Begleitet werden die Sänger von der Kammerphilharmonie Wuppertal. Von ihrem künstlerischen Leiter Werner Dickel – Professor am Wuppertaler Standort der Hochschule für Musik und Tanz Köln – glänzend vorbereitet, spielt sie nuanciert auf. Außerdem begleitet die Continuo-Gruppe die Sänger sehr mitatmend. Eindeutig überfordert sind dagegen die Trompeter während des gesamten Konzerts. Aus ihren Instrumenten hätten strahlend-jubilierende, prägnante Töne kommen sollen. Stattdessen stören überwiegend falsche wie unsaubere Töne und Kiekser das Wohlbefinden der Trommelfelle und die ansonsten spannenden, hochmusikalischen Darbietungen erheblich. Dabei ist auf Dennis Hansel-Dinar jederzeit Verlass. Umsichtig und präzise lotst er die Musiker und Sänger durch die Partituren.

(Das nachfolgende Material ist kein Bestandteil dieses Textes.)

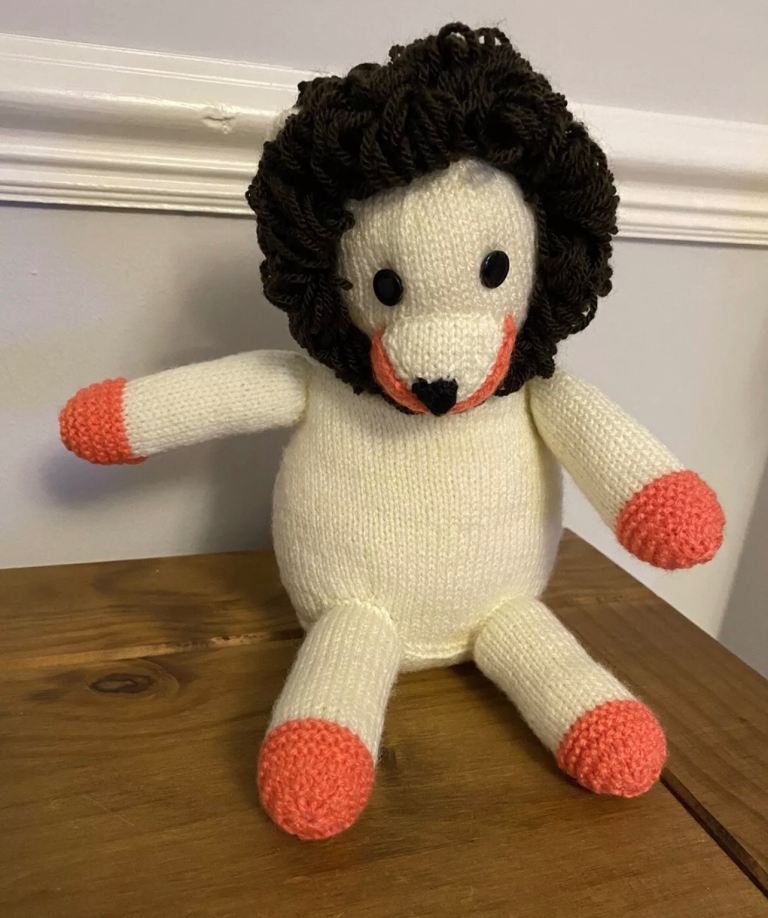 Brand new: Homemade handmade knitted soft toy lion 🦁 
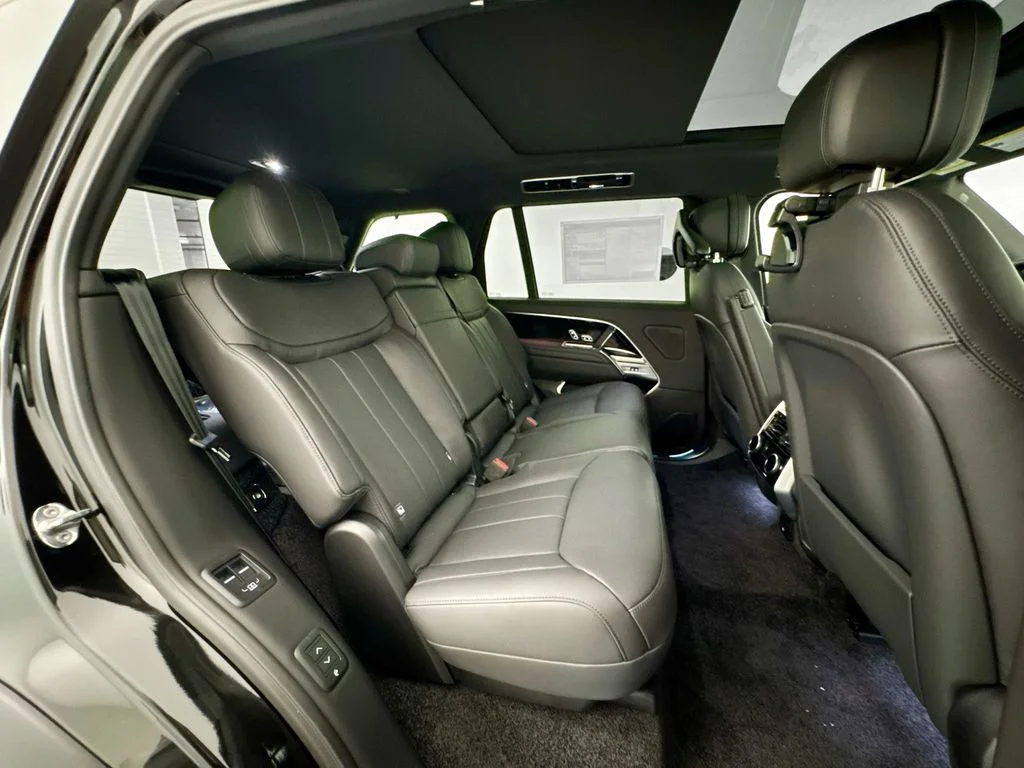 New 2026 Santorini Black Land Rover SE image 28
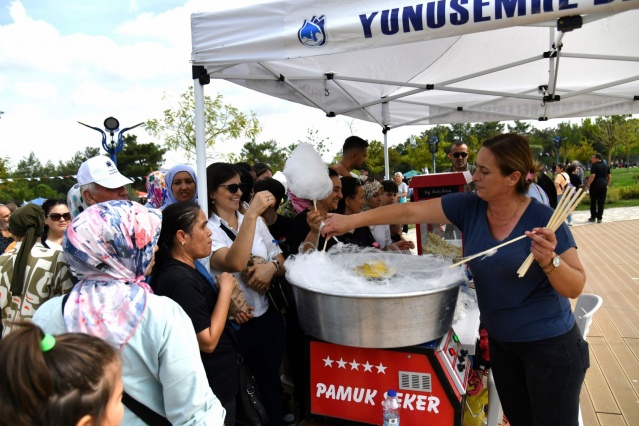 BÜYÜKŞEHİR BELEDİYESİ İLE ORTAK PROJELER ÜRETİLECEK

Manisa Büyükşehir Belediyesi ile birlikte bölgenin kalkınması için ortak projelere de imza attıklarının altını çizen Başkan Semih Balaban, “Büyükşehrin çalışkan ve başarılı Belediye Başkanı Sayın Ferdi Zeyrek de bu konuda güzel işler yaptı. O da Yuntdağı için aralıksız çalışıyor. Sorunları çözmek için Ferdi Başkan ile omuz omuza ilerliyoruz. Seçim öncesi gittiğimiz her köyde muhtarlardan talep vardı. Kentsel mahalle statüsünden çıkmak, tarım ve hayvancılığın önünü açmak için kırsal mahalle statüsüne dönmek istiyorlardı. Bunun için ilk etapta 18 köyümüzün planını çizerek büyükşehre sunduk. 
 Ferdi Başkan da bu konuda tam destek veriyor. Vatandaşımıza verdiğimiz bu sözümüzü de tutacağız. Hafta sonları burada çok yoğun insan popülasyonu oluyor. Burada halkçı belediyeciliğin bir gereği olarak üretici ile tüketiciyi buluşturacağız. ÇKS belgesi olan gerçek üreticilerimiz ürününü burada satacak. Vatandaşımız da burada uygun fiyata alışveriş yapabilecek. Halkçı belediyeciliğin en önemli görevlerinden biri budur. Bunu da yapmanın onurunu gururunu yaşıyoruz. Bundan sonra da yaptığımız çalışmalarla Yuntdağı’nı geliştireceğiz” dedi.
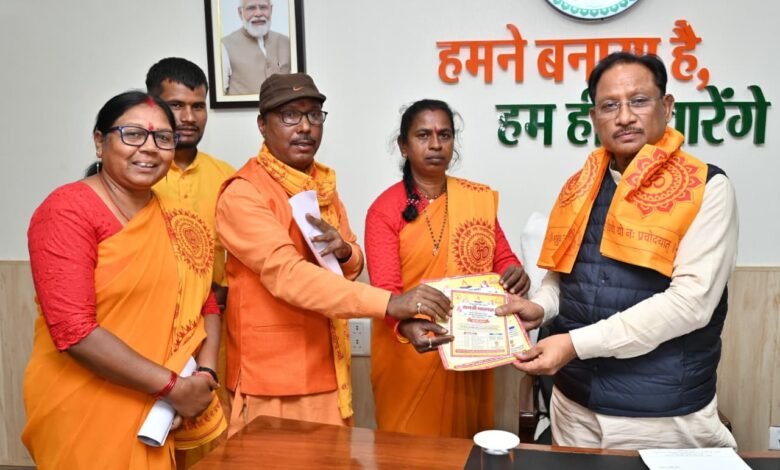 मुख्यमंत्री से अखिल विश्व गायत्री परिवार के सदस्यों ने सौजन्य मुलाकात की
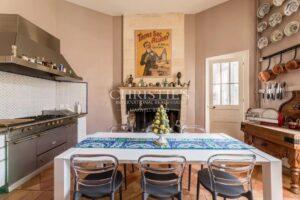 LIBOURNE: Treat yourself to the most beautiful house in the town centre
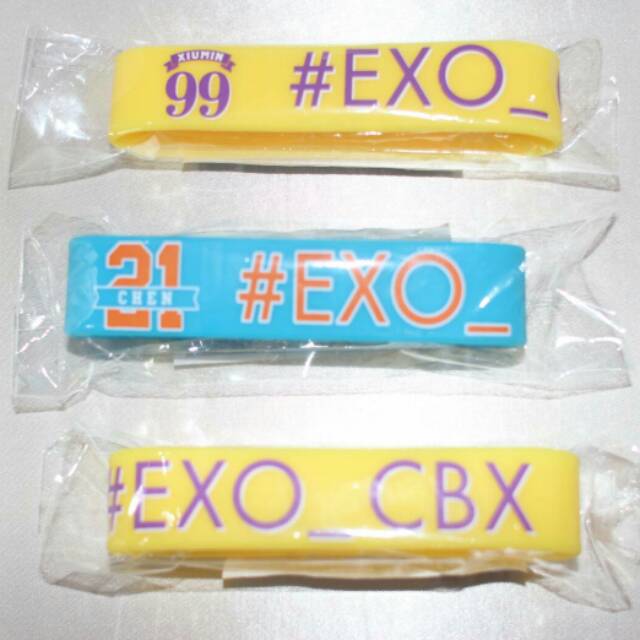 All members available -  Official EXO CBX rubber arm band / bracelet - baekhyun, chen , xiumin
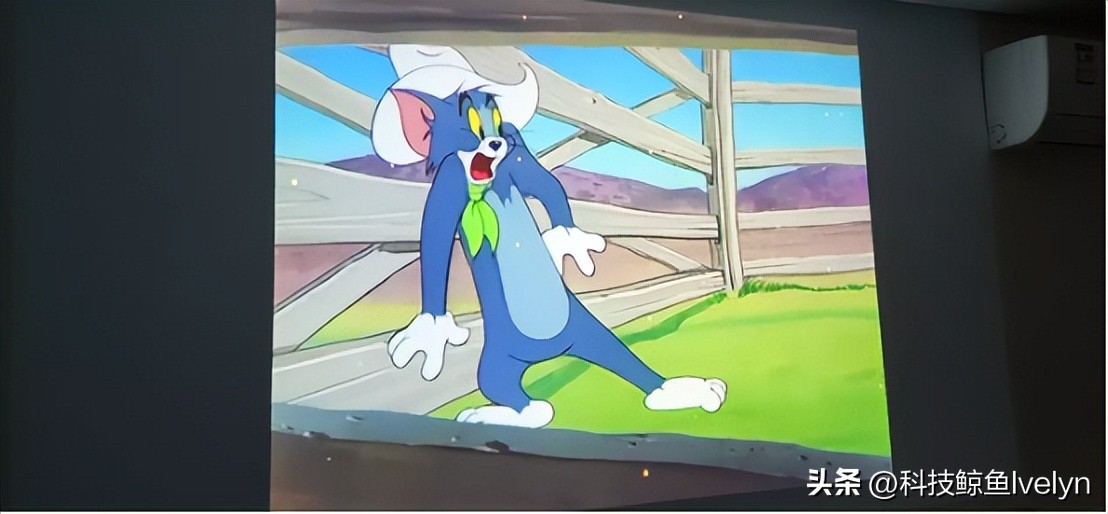 aoc投影仪流明在2000以上的,流明3000以上的投影仪性价比推荐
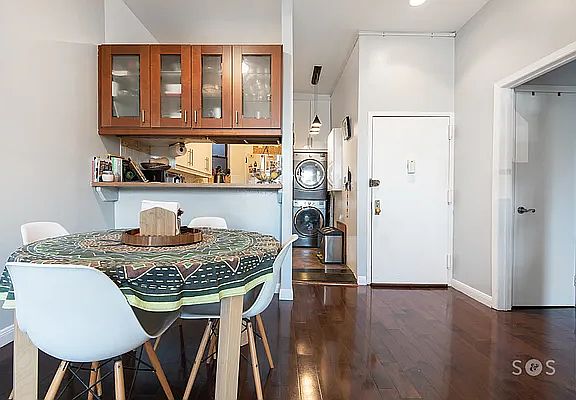 4th image of 412 7th Ave APT 4R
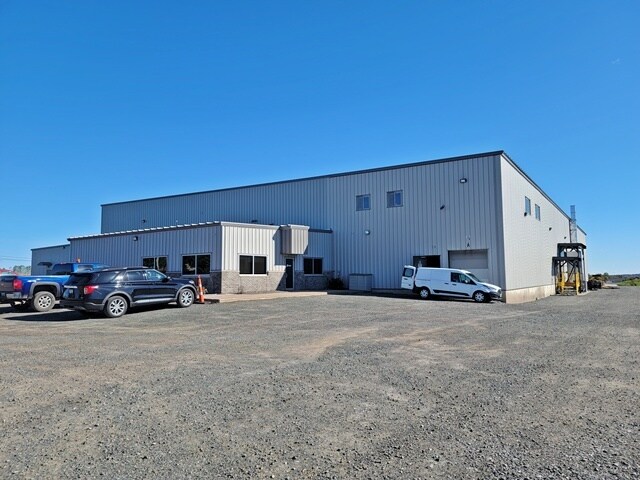 More Photos Of 810 Tamarack Ave, Edgar Industrial For Sale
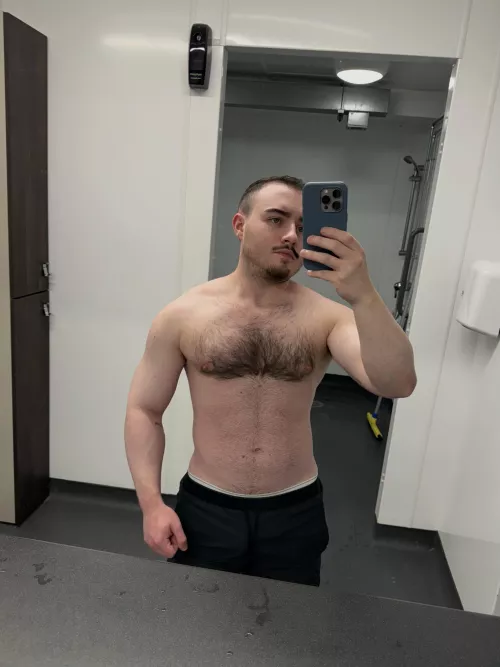 Next time I’ll be naked again. Just wanted to show this gym selfie. 🏋️‍♂️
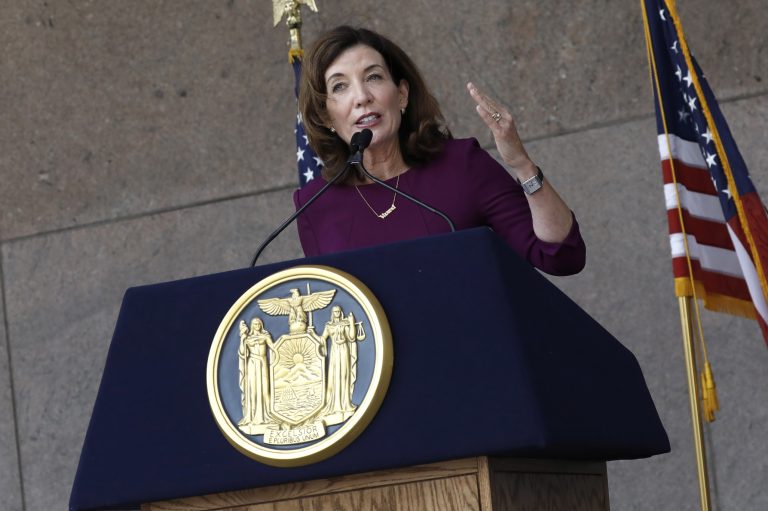 La gobernadora de Nueva York califica la captura de Maduro de “flagrante abuso de poder”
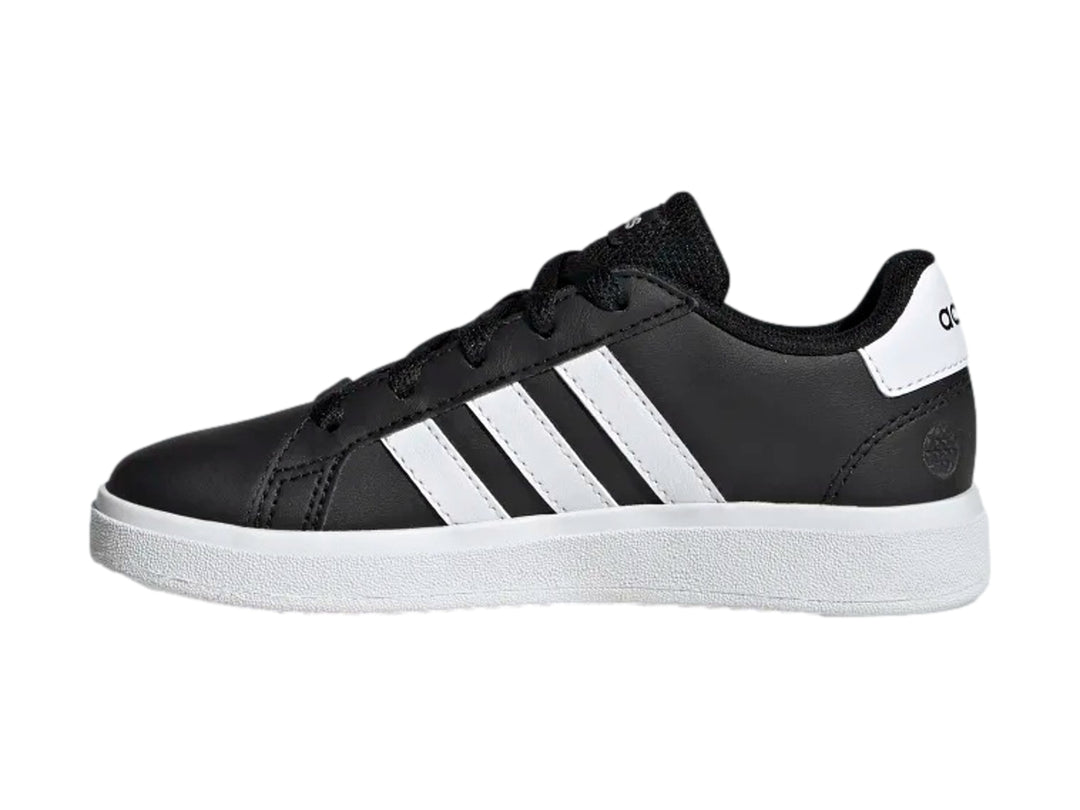 Tenis Adidas Grand Court 2.0 color negro con tres franjas blancas y suela blanca.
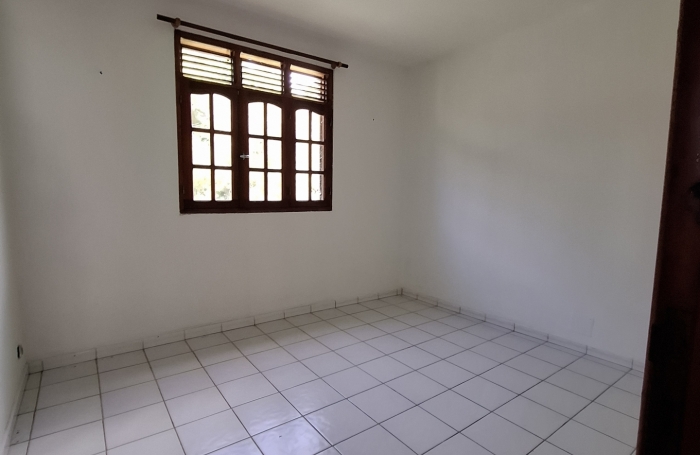 Vente Maison 145m&sup2; 7 pièces Petit-Bourg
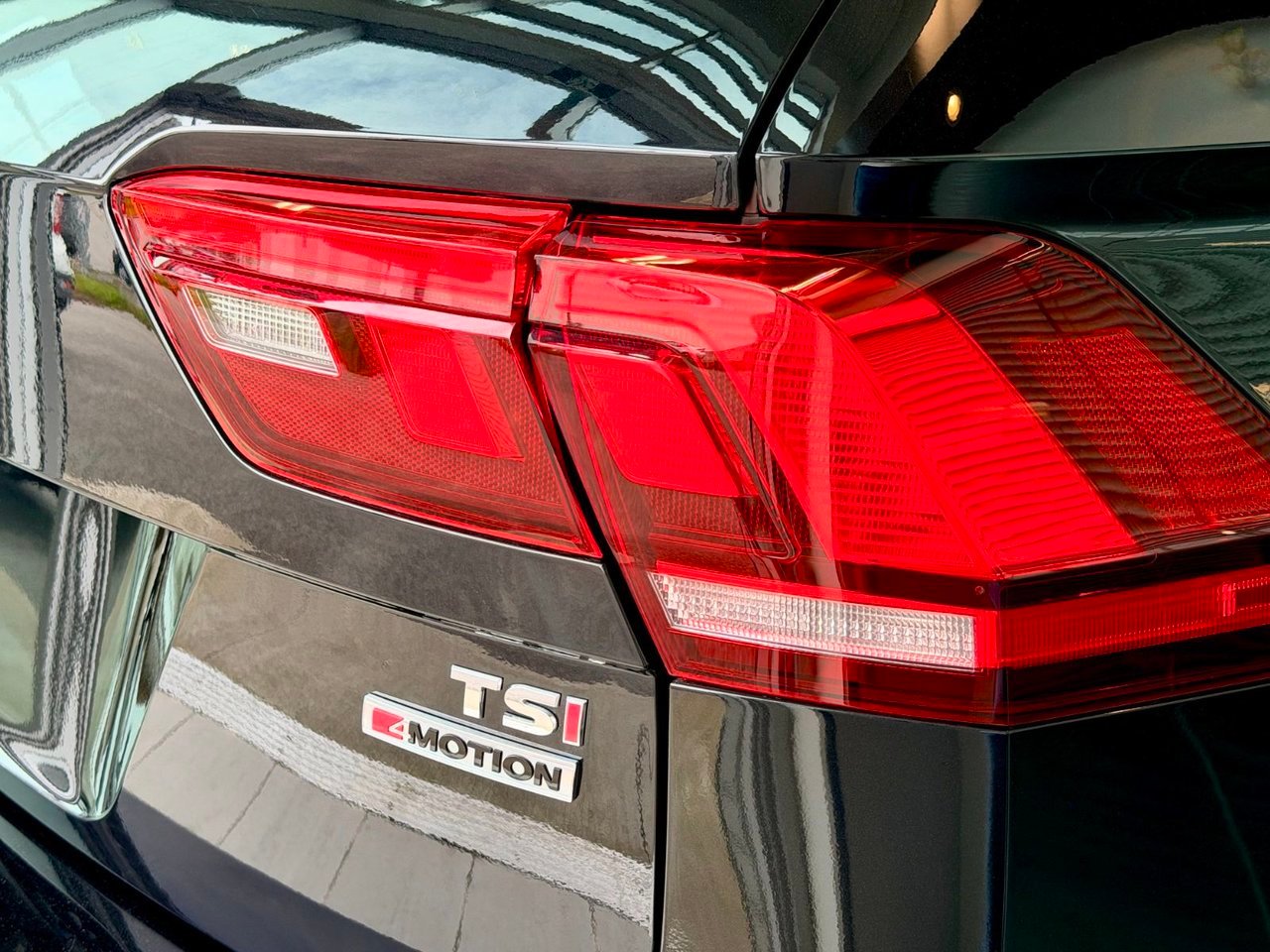 Volkswagen Tiguan 2018 Noir Notre-Dame-des-Prairies - photo #9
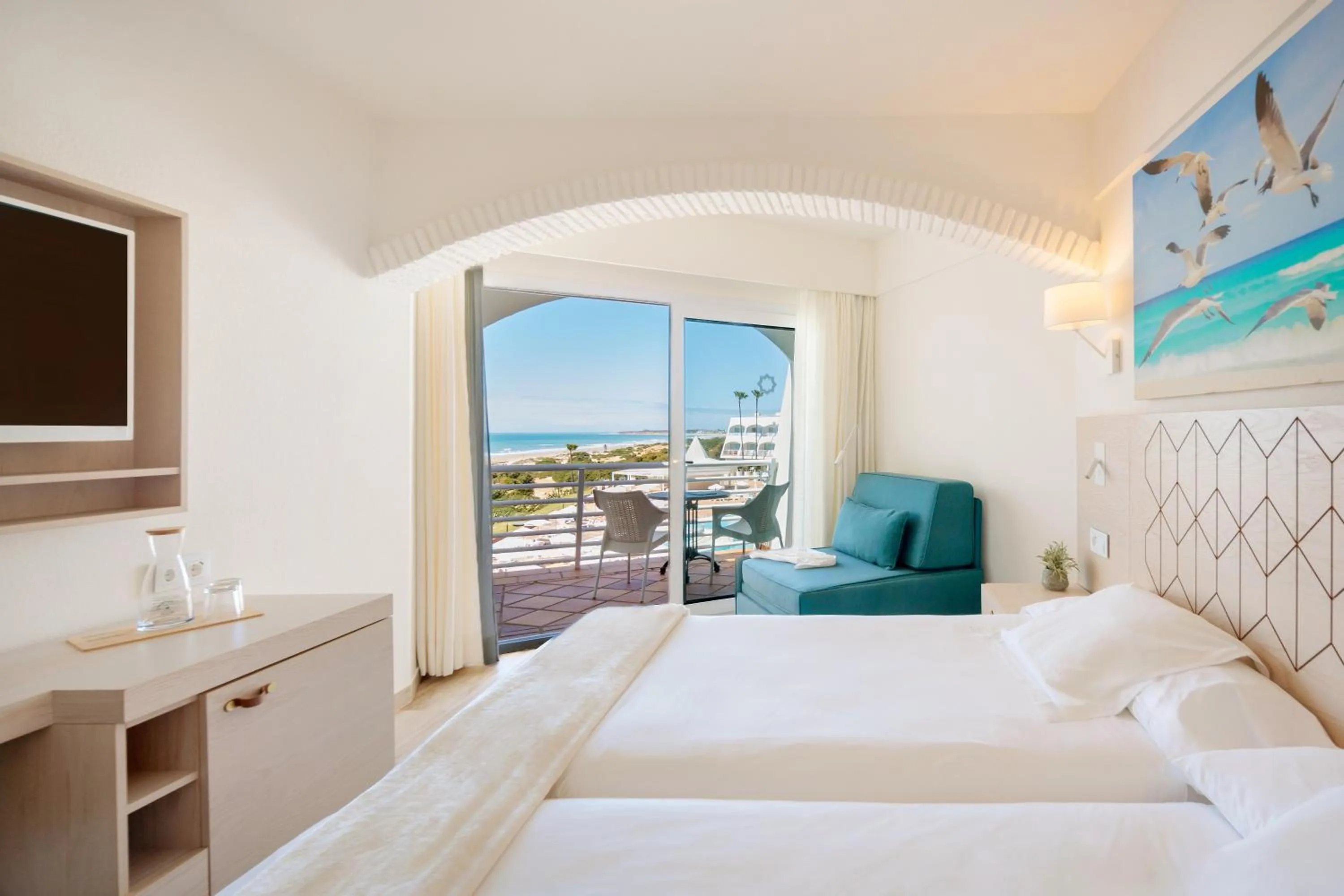 Bedroom, Bed in Iberostar Waves Royal Andalus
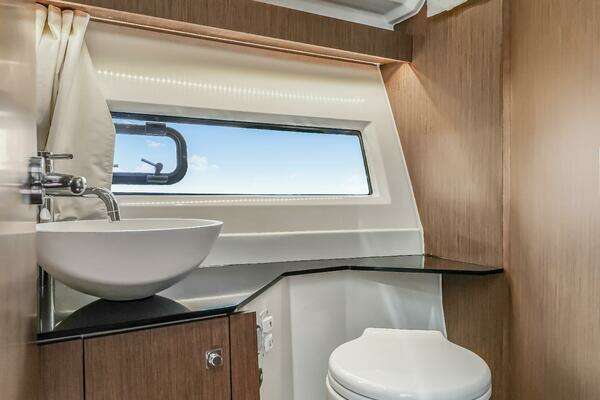 Jeanneau NC1095 Fly Yacht For Sale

Natürlich darf, wie bei Weihnachtskonzerten üblich, zwischendurch das Publikum mitsingen, das sich nicht zweimal bitten lässt. Beseelt wird Es ist ein Ros‘ entsprungen, Engel auf den Feldern singen und Maria durch ein Dornwald ging angestimmt. Zu dem gemeinsamen Schlusslied O du fröhliche kommt es mit Verspätung. Denn kaum ist der letzte Ton des Magnificats verklungen, haben zunächst langanhaltender, überschwänglicher Beifall, Fußgetrampel auf den Emporen und Begeisterungsrufe Priorität.